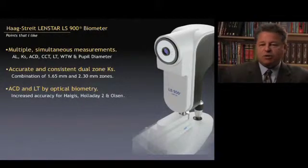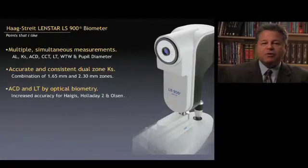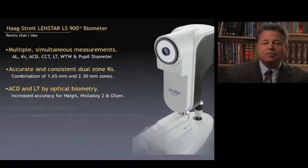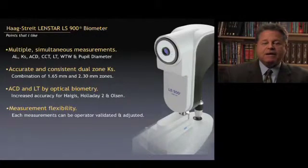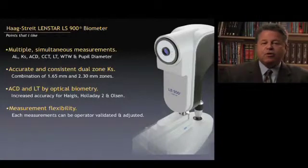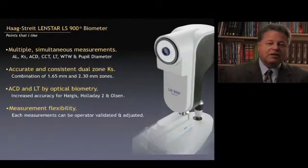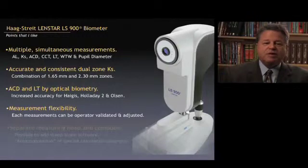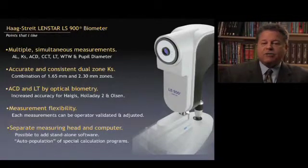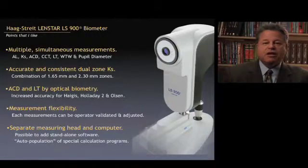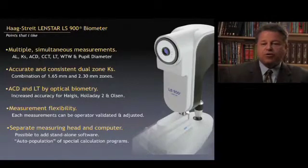The anterior chamber depth and lens thickness are measured by optical biometry, which is very important for some of the newer and more accurate formulas such as Haigis, Holladay 2, and Dr. Olsen's PhacoOptics formula. Each measurement can be operator-validated and adjusted — very important to make sure the measurements are correct. The measuring head and computer are separate, making it possible to add stand-alone software such as the Holladay IOL Consultant, with bridges written between the iSuite software of the LenStar and programs like the Holladay IOL Consultant and Dr. Olsen's PhacoOptics, so the two programs can talk together and auto-populate.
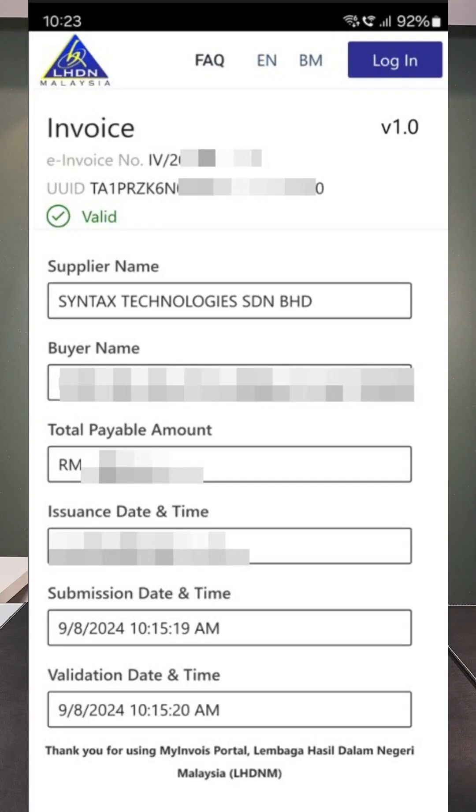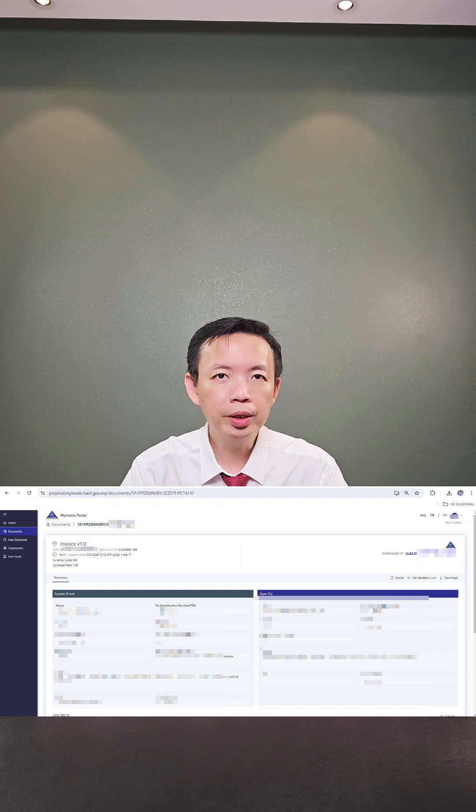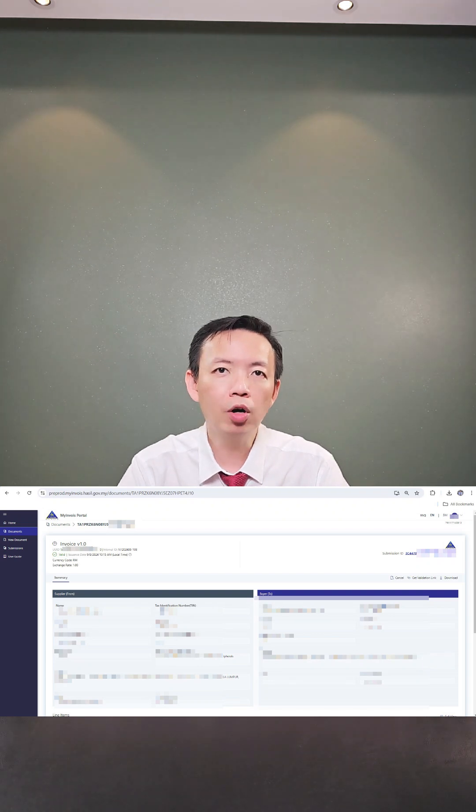You will receive the e-invoice validation notification from LHDN. You can scan the QR code, get the info, or even go to My E-Invoice Pre-Production Portal and retrieve the e-invoice.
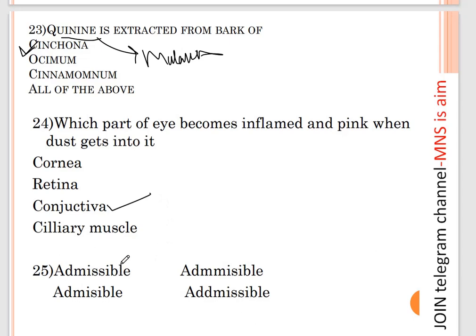Question number twenty-five: correct spelling — 'admissible' is the correct spelling. Option A is correct.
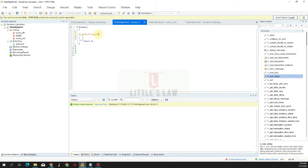We can also use LR_eval_string_ext to manually free the memory in each iteration, using LR_eval_string_ext_free. However, using a free statement in custom code may result in memory corruption, so it is always best and safest to use LR_eval_string.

--*--

→ Your assignment
Word-for-word restatement: every line from the one with "You will receive" through the final line of the data, both ends included, pictures excluded.

→ Solution to the problem
You will receive the e-invoice validation notification from LHDN. You can scan the QR code, get the info, or even go to My E-Invoice Pre-Production Portal and retrieve the e-invoice.
Question number twenty-five: correct spelling — 'admissible' is the correct spelling. Option A is correct.
We can also use LR_eval_string_ext to manually free the memory in each iteration, using LR_eval_string_ext_free. However, using a free statement in custom code may result in memory corruption, so it is always best and safest to use LR_eval_string.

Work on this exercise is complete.